What you will do: With the pictures left out, set down the line containing "Wholeleaf Wellness advertising" and each line after it to the end of the material, exactly as written.

==== Data

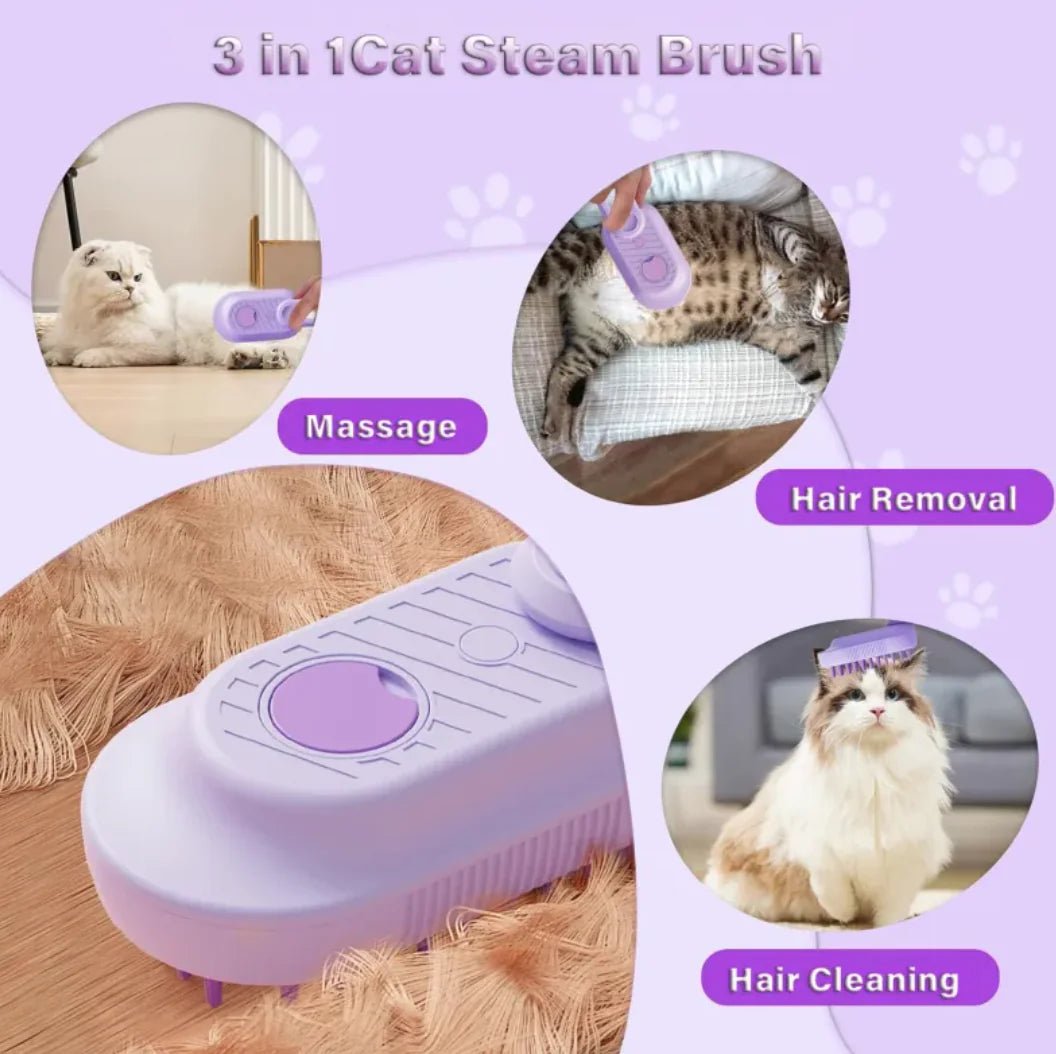 3 - in - 1 Cat & Dog Steam/Mist Grooming Brush (Foldable, Silicone, Spray) - Nimblet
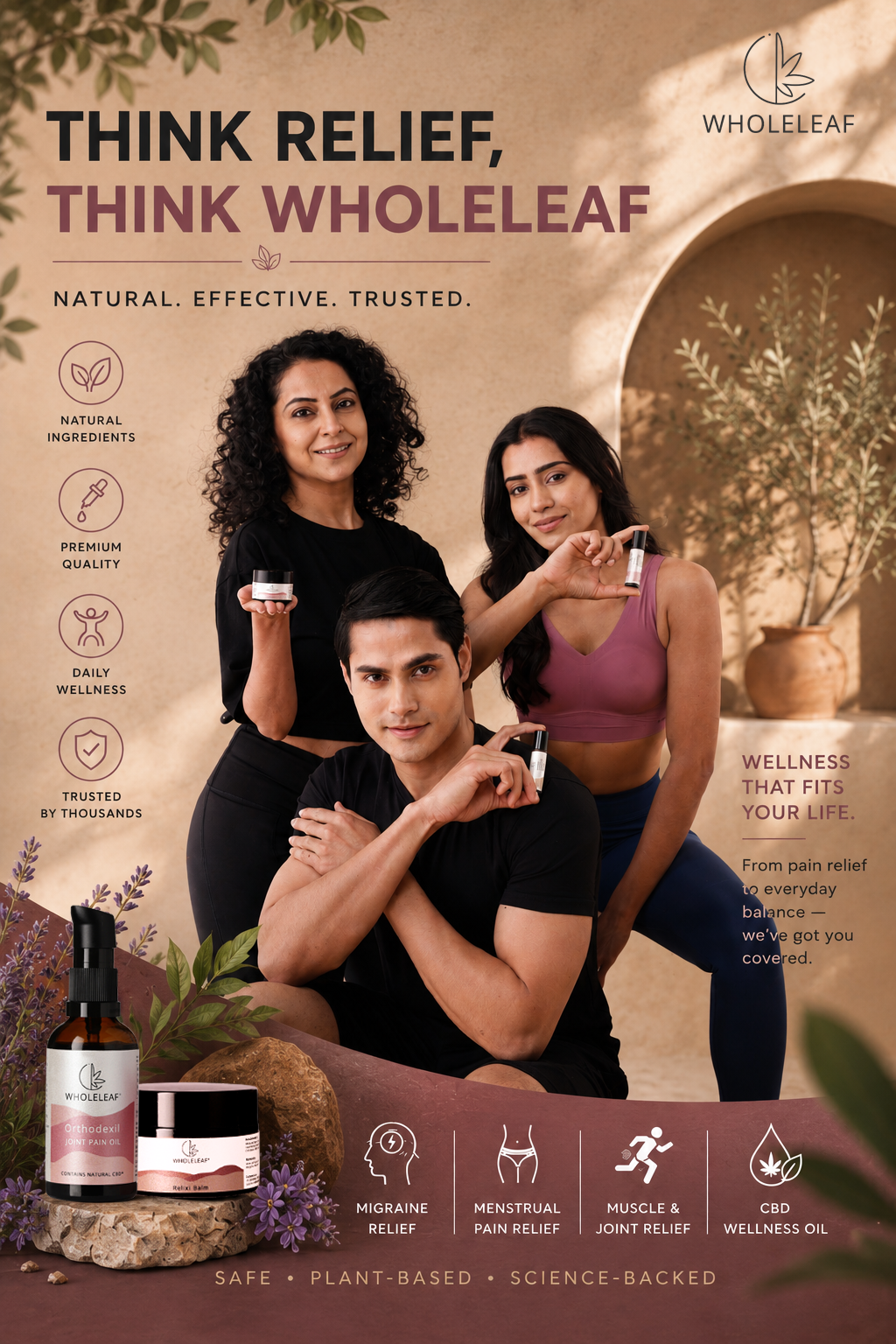 Wholeleaf Wellness advertising campaign featuring commercial photography and creative direction by Rewire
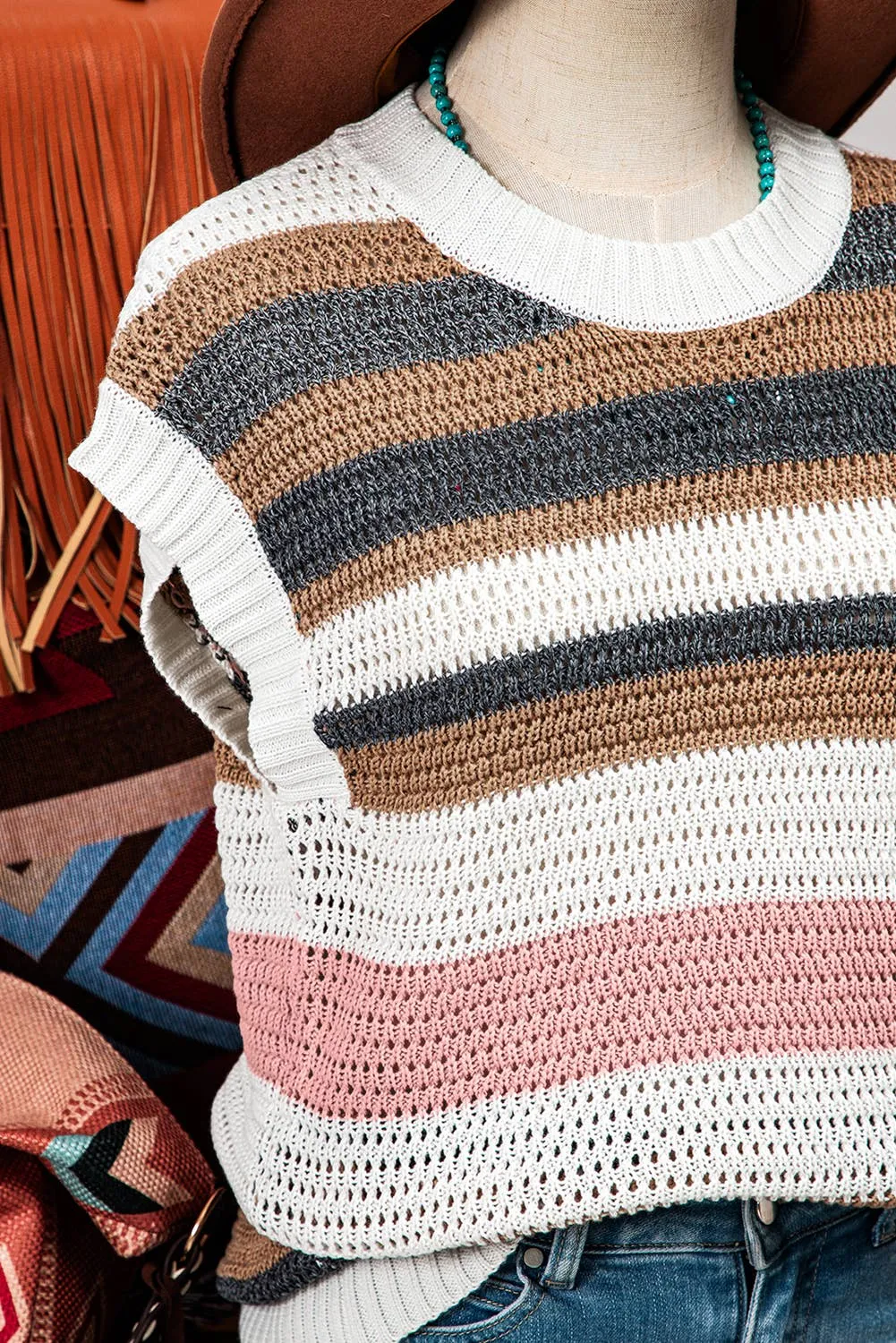 Stripe Knit Short Sleeve Sweater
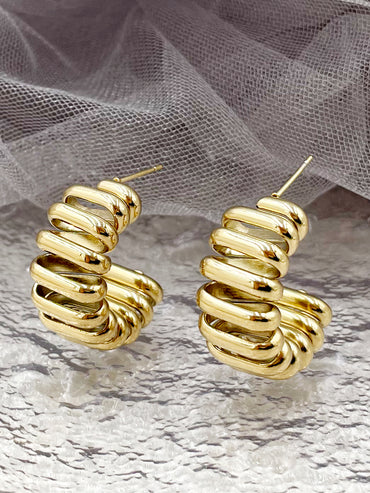 1 Pair Punk Artistic C Shape Lines Polishing Plating Stainless Steel Metal Gold Plated Ear Studs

========

Solution to the problem:
 Wholeleaf Wellness advertising campaign featuring commercial photography and creative direction by Rewire
 Stripe Knit Short Sleeve Sweater
 1 Pair Punk Artistic C Shape Lines Polishing Plating Stainless Steel Metal Gold Plated Ear Studs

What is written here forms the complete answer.